Open zolug opened 1 month ago

zolug commented 1 month ago

Describe the bug When an NSM interface in a TAPA is replaced during NSM heal (old connection is closed part of which the old interface is removed) the new interface most probably will end up with a different MAC address. Yet, the IP address(es) assigned by the proxy component would be most likely the same.

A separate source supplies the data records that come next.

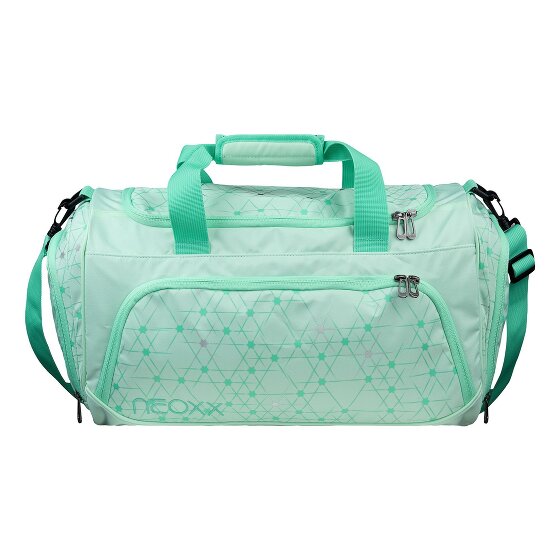 Neoxx Move Sporttas 43.5 cm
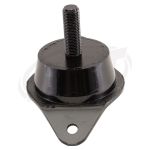 Polaris Подушка Двигателя SL 650 /SLH /SLX /STL /SL 700 /SL 780 /SLT 780 /SL 900 /SLTX /SL 1050 /SLTH /Virage TX /Freedom 3021254 1994 1995 1996 1997 1998 1999 2000 2001 2002 2003 2004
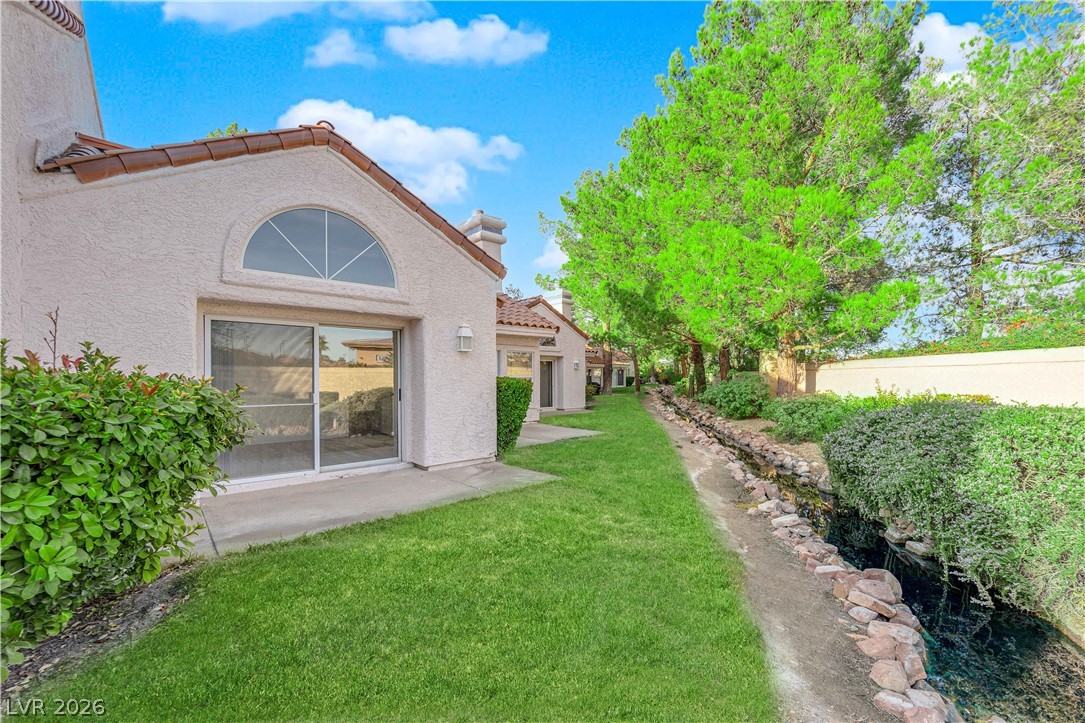 6940 Emerald Springs Lane Property Photo 39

During such NSM heal event the LBs currently won't be informed about the temporary unavailability of said TAPA/Target. However, in an LB the linux neighbor cache might contain a related neighbor entry (with the old/invalid MAC). Renewal of the neighbor entry is delayed by delay_first_probe_time sec (default: 5) and then initially probes are sent out to the invalid MAC in the cache for ucast_solicit times (defaults: 3). So, even if NSM heal would replace the NSM interface in TAPA instantly, there would be at least 8 seconds delay until LBs could learn the new MAC address.

Context

zolug commented 1 month ago

Unfortunately, enabling arp_notify in the TAPA won't resolve the problem. That's because of the chained architecture of NSM meaning the interface is first created and its state is set to UP and then the addresses are configured afterwards. While, linux for IPV4 won't send a gARP in such case: https://github.com/torvalds/linux/blob/v6.8/net/ipv4/devinet.c#L1606

For IPv6, ndisc_notify does work though: https://github.com/torvalds/linux/blob/v6.8/net/ipv6/addrconf.c#L4292

There's also the the issue, how to set any sysctl in the TAPA i.e. application POD. A privileged init container could be used for this purpose. But if that's not feasible, a multus network-attachment-definition relying on tuning CNI could be used to set ndisc_notify for the default interface (thus NSM interfaces created later could inherit the default value). Or NSM feature set could be extended to include setting arp_notify/ndisc_notify sysctls for a particular interface.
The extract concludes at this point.